Hadoop, an open source distributed processing framework released in 2006, initially was at the center of most big data architectures. The development of Spark and other processing engines pushed MapReduce, the engine built into Hadoop, more to the side. The result is an ecosystem of big data technologies that can be used for different applications but often are deployed together.
Big data platforms and managed services offered by IT vendors combine many of those technologies in a single package, primarily for use in the cloud. Currently, that includes these offerings, listed alphabetically:
- Amazon EMR (formerly Elastic MapReduce)
- Cloudera Data Platform
- Google Cloud Dataproc
- HPE Ezmeral Data Fabric (formerly MapR Data Platform)

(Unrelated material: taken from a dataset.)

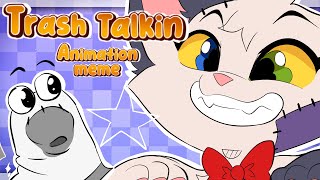 TRASH TALKIN Animation meme ✨🎉 [upl. by Demmer]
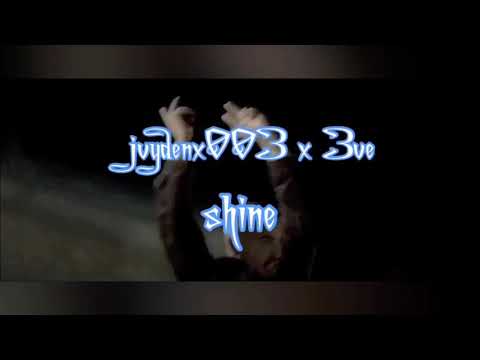 jvydenx003 x 3ve - shine (prod. by facy)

- Microsoft Azure HDInsight
For organizations that want to deploy big data systems themselves, either on premises or in the cloud, the technologies that are available to them in addition to Hadoop and Spark include the following categories of tools:
- Storage repositories, such as the Hadoop Distributed File System (HDFS) and cloud object storage services that include Amazon Simple Storage Service (S3), Google Cloud Storage and Azure Blob Storage;
- cluster management frameworks, like Kubernetes, Mesos and YARN, Hadoop's built-in resource manager and job scheduler, which stands for Yet Another Resource Negotiator but is commonly known by the acronym alone;
- stream processing engines, such as Flink, Hudi, Kafka, Samza, Storm and the Spark Streaming and Structured Streaming modules built into Spark;
- NoSQL databases that include Cassandra, Couchbase, CouchDB, HBase, MarkLogic Data Hub, MongoDB, Neo4j, Redis and various other technologies;
- data lake and data warehouse platforms, among them Amazon Redshift, Delta Lake, Google BigQuery, Kylin and Snowflake
- SQL query engines, like Drill, Hive, Impala, Presto and Trino.